- **Records supplied**
────────────────────
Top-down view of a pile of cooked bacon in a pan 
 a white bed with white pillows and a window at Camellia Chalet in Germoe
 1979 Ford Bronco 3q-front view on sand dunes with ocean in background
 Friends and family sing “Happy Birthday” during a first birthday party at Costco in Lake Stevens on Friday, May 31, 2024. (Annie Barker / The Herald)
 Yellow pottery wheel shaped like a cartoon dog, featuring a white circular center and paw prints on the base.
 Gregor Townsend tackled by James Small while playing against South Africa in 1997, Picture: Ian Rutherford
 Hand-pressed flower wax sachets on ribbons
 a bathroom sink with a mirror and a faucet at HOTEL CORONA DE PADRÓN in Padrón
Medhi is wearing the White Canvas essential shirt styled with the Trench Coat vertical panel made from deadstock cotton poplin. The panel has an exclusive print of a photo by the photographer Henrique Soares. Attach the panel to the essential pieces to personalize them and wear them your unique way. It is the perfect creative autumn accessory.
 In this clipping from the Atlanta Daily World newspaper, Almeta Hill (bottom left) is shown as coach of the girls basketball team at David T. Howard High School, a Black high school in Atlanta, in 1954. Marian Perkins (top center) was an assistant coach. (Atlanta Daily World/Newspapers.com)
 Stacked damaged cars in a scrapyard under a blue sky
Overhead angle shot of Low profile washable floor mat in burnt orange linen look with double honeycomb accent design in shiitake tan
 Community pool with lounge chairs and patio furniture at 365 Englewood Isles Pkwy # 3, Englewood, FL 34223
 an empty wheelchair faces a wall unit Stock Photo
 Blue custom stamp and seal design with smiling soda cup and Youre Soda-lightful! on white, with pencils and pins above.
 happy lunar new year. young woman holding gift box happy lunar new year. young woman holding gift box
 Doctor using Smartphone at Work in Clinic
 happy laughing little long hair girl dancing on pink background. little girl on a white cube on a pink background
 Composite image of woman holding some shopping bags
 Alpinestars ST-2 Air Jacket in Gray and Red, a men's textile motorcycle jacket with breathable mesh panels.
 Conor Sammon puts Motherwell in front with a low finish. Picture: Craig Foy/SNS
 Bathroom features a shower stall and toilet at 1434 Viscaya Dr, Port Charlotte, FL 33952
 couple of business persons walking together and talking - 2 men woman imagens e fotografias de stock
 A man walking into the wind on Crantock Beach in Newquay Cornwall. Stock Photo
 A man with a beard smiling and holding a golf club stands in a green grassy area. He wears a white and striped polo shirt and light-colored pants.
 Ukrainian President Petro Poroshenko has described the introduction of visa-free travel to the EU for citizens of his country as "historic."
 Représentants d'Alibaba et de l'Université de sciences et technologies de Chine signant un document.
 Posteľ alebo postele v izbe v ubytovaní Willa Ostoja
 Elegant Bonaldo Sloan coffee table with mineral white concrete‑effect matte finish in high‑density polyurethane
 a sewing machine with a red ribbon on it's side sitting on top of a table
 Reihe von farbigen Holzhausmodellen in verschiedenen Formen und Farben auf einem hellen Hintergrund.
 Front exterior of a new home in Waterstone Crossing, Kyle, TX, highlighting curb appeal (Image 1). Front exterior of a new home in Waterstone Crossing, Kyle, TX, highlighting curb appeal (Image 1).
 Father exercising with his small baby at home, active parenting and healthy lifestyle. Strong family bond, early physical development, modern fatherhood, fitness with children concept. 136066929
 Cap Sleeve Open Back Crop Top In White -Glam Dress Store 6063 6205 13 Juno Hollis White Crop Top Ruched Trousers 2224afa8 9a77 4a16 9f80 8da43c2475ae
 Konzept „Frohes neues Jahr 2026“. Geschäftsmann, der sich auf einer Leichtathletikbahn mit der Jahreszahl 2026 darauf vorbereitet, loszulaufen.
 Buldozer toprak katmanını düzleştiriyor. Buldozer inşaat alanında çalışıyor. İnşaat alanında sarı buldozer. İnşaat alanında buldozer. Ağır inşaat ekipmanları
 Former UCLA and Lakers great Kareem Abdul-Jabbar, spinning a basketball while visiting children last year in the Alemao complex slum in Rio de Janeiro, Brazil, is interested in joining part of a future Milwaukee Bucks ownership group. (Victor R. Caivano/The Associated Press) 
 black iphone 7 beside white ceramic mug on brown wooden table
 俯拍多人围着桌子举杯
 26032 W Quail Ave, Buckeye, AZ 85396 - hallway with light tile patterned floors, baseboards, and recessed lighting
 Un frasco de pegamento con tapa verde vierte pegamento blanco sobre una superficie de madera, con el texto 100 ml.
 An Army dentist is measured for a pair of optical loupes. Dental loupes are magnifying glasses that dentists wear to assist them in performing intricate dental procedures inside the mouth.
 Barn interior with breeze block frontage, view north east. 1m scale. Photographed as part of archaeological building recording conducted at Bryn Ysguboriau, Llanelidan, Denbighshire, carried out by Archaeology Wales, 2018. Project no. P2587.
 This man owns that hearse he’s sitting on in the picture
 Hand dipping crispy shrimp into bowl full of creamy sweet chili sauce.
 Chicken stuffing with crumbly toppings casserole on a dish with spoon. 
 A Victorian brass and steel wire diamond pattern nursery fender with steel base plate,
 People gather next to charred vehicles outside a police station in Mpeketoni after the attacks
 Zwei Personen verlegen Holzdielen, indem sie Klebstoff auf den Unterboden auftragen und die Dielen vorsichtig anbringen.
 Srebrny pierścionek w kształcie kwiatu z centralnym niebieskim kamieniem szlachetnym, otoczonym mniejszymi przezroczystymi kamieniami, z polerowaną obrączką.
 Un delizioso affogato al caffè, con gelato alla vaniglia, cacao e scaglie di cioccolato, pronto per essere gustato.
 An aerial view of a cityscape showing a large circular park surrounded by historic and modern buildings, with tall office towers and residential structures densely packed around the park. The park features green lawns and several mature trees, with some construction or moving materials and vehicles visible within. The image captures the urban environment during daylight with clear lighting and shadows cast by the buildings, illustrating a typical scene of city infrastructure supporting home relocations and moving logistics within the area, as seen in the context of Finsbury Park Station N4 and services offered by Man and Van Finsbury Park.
────────────────────
- **Required work**
Retype exactly the lines from the first line of the records above through the line containing "a bathroom sink", both included, and nothing else.

- **Response to this exercise**
Top-down view of a pile of cooked bacon in a pan 
 a white bed with white pillows and a window at Camellia Chalet in Germoe
 1979 Ford Bronco 3q-front view on sand dunes with ocean in background
 Friends and family sing “Happy Birthday” during a first birthday party at Costco in Lake Stevens on Friday, May 31, 2024. (Annie Barker / The Herald)
 Yellow pottery wheel shaped like a cartoon dog, featuring a white circular center and paw prints on the base.
 Gregor Townsend tackled by James Small while playing against South Africa in 1997, Picture: Ian Rutherford
 Hand-pressed flower wax sachets on ribbons
 a bathroom sink with a mirror and a faucet at HOTEL CORONA DE PADRÓN in Padrón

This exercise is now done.